Problem requirements:
Copy out the full listing below as it stands, with its pictures left behind.

Information provided:
# # # # # # #

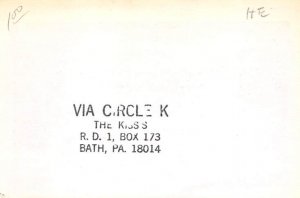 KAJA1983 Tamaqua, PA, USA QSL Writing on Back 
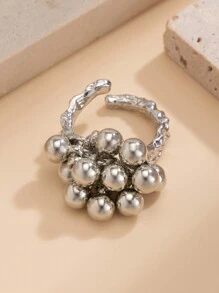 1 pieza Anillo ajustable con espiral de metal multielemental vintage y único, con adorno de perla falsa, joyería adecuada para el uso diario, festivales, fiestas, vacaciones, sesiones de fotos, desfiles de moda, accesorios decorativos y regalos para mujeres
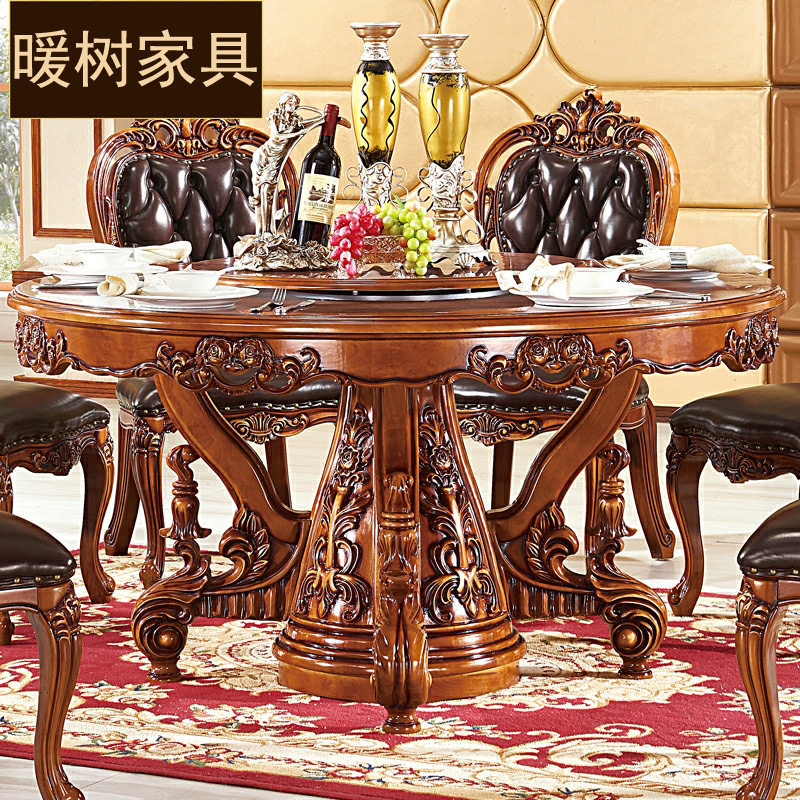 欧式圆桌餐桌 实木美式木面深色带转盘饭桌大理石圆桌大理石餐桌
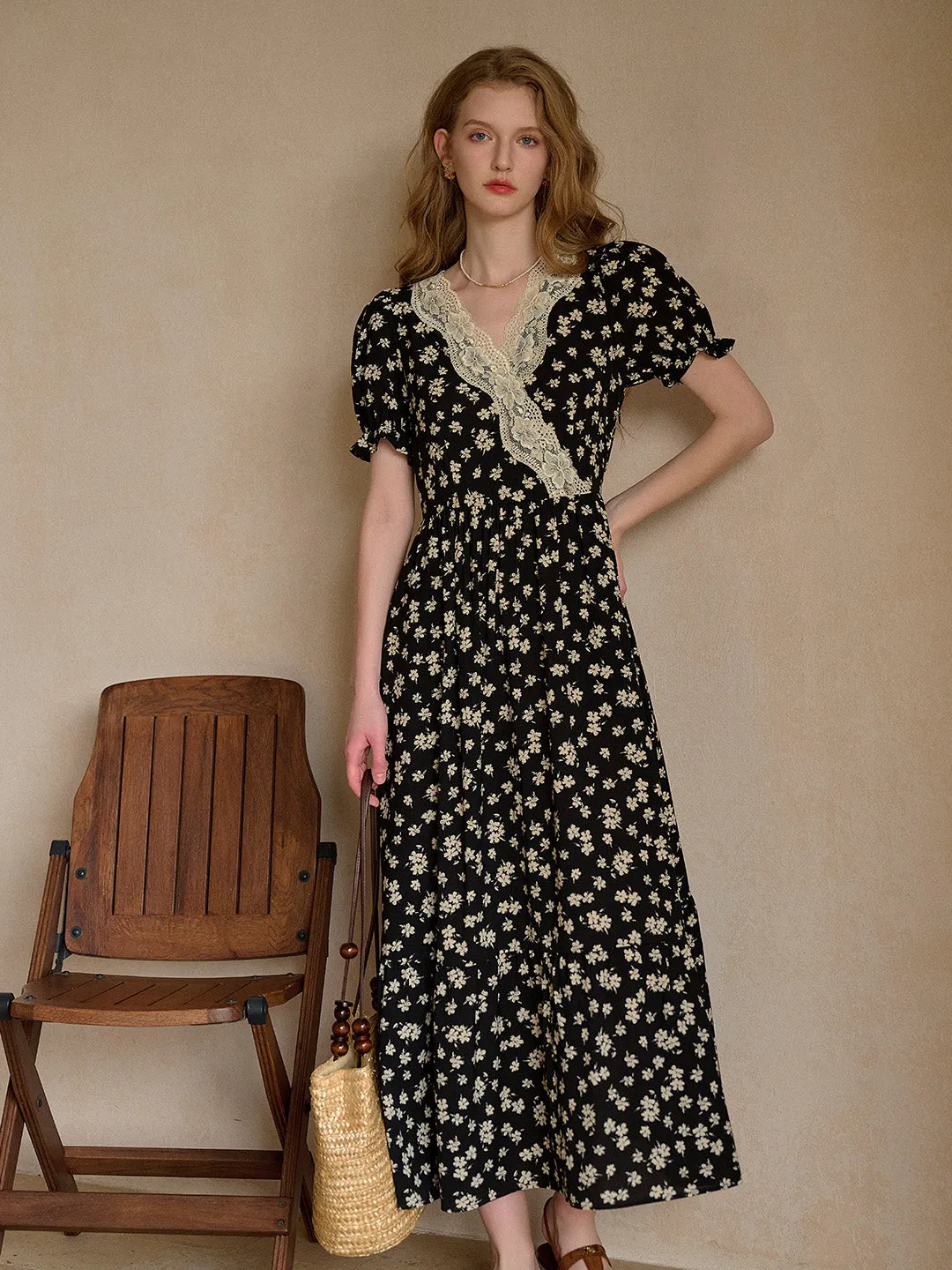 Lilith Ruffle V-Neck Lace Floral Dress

# # # # # # #

Task result:
 KAJA1983 Tamaqua, PA, USA QSL Writing on Back 
 1 pieza Anillo ajustable con espiral de metal multielemental vintage y único, con adorno de perla falsa, joyería adecuada para el uso diario, festivales, fiestas, vacaciones, sesiones de fotos, desfiles de moda, accesorios decorativos y regalos para mujeres
 欧式圆桌餐桌 实木美式木面深色带转盘饭桌大理石圆桌大理石餐桌
 Lilith Ruffle V-Neck Lace Floral Dress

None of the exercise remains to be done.